Comunhão espiritual?
Perante o impasse e o aceso debate, alguns bispos propõem uma terceira via, da comunhão espiritual.
O termo data de São Tomás de Aquino e o padre Bernardo Aranha ajuda a decifrar o seu significado. “Qualquer sacramento que uma pessoa recebe tem um efeito espiritual. A comunhão tem um efeito espiritual, a união com Cristo, a união na fé e na caridade com Cristo. Portanto toda a comunhão é comunhão espiritual.”
Pode acontecer, contudo, o fiel querer comungar mas não poder: “Este desejo por vezes não é possível concretizar, porque não tenho acesso aos sacramentos, não posso ir à missa, estou doente, inválido, longe de uma igreja, numa circunstância que, independentemente da minha vontade, me impede de comungar.”
“O problema que se põe com os divorciados e recasados é um problema diferente. Quando o Papa Bento XVI e o Papa João Paulo II falam na comunhão espiritual, o que querem dizer é que os divorciados e recasados devem procurar as disposições interiores para poder unir-se espiritualmente a Cristo, embora não o possam fazer porque a sua vida, livremente escolhida, contradiz de alguma maneira o mistério a que a comunhão nos une”, explica.
“No fundo, a comunhão espiritual vivida desta segunda maneira é um apelo à conversão, que é feito a todos e cada um de nós, que cada vez nos aproximemos mais de uma verdadeira comunhão espiritual com Cristo.”
Começar pelo fim
Independentemente das conclusões a que o sínodo chegar, o cónego Carlos Paes teme que se comece pelo fim. “Há todo um trabalho a montante que será a melhor solução para uma reintegração positiva dessas pessoas e até para que esses casos não se multipliquem, como parece continuar a acontecer.”

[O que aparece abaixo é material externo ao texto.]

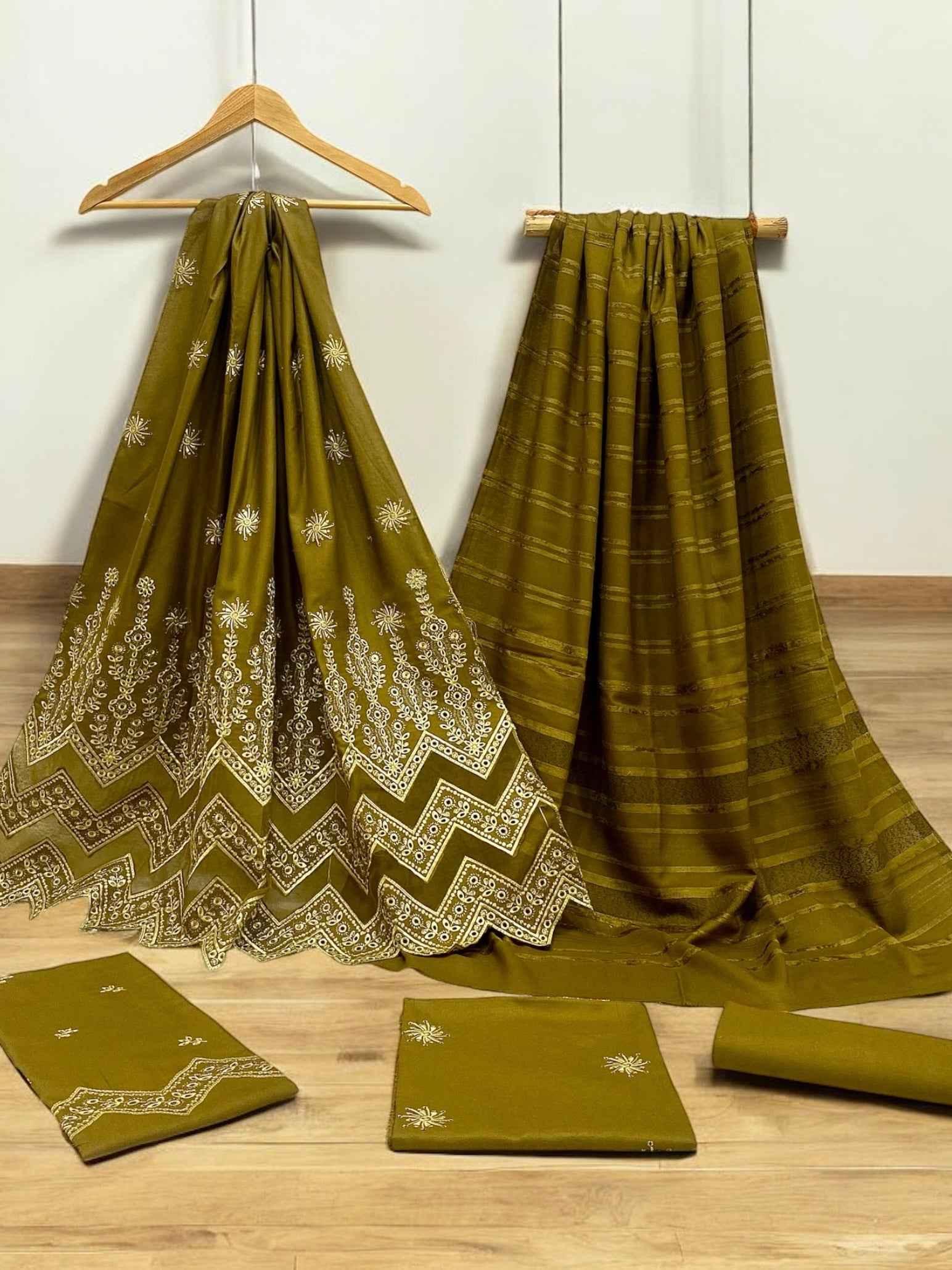 Makhmal | Luxury Embroidered | Dhanak - ZNH Textile 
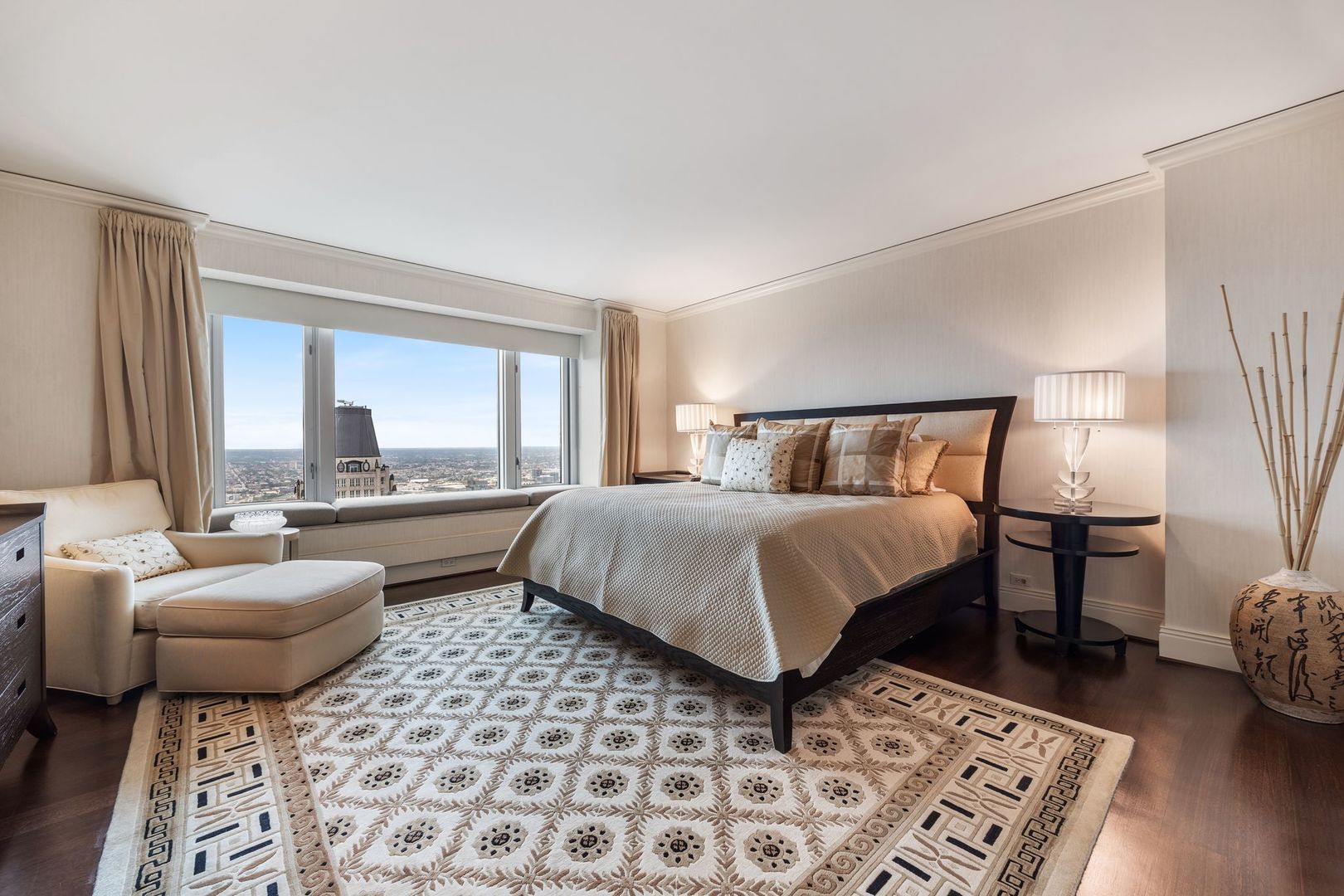 132 E Delaware Place Unit: 5501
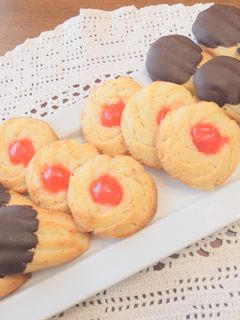 Una foto de Pastas vienesas con chocolate y fruta confitada
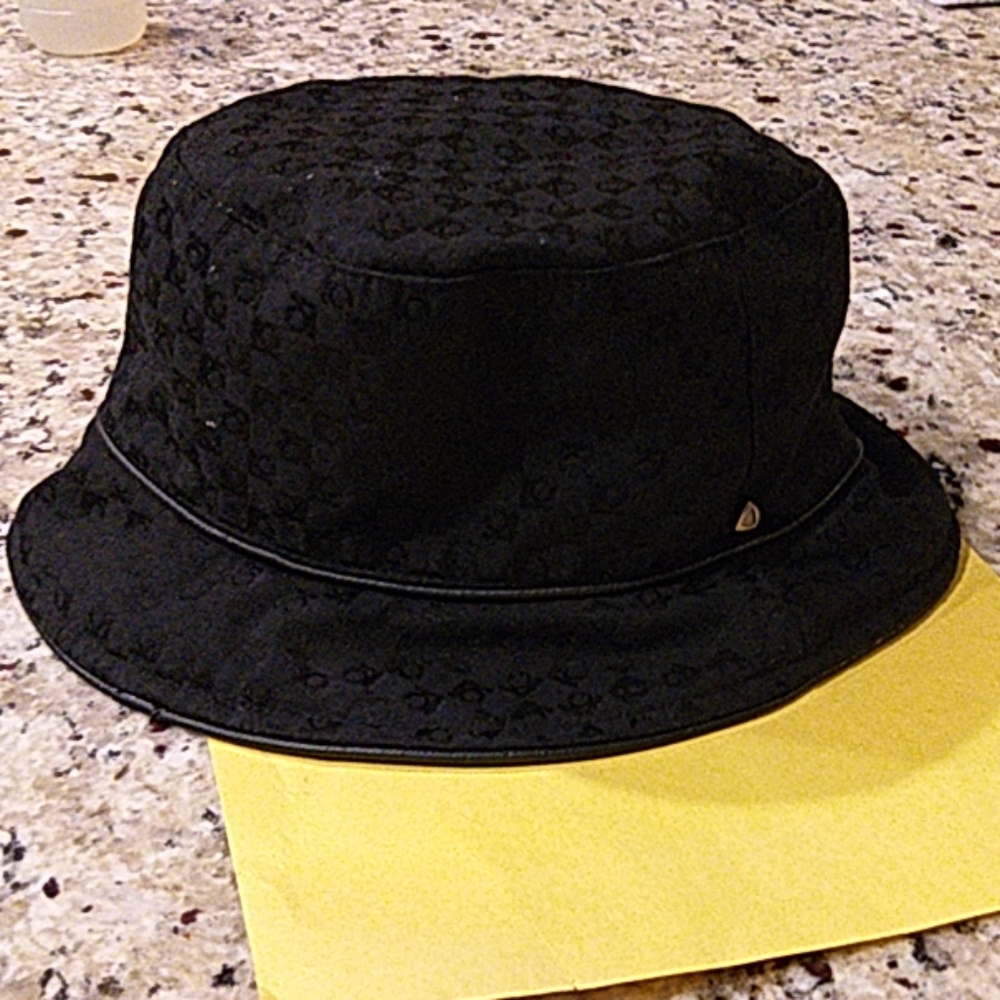 Liz Claiborne Black Hat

O sacerdote acredita que é preciso fazer muito mais em termos de educação e formação. “Há muita ignorância acerca da beleza do matrimónio e da família como célula base e mais importante, quer para a sociedade civil, quer para a comunidade religiosa, seja cristã ou de outra religião.”
“Há toda uma riqueza que se pode perder no meio dessa discussão, se vão ser admitidos ou não, se podem receber absolvição ou não, isso não é o principal com certeza e ficaria desiludido se a tónica principal fosse essa e não fosse exactamente revalorizar o matrimónio na sua dignidade natural e sobrenatural”, diz.
O sínodo dos bispos começa no domingo e decorre até ao dia 25 de Outubro. No final serão apresentadas ao Papa as conclusões dos trabalhos, mas cabe sempre a este qualquer decisão final.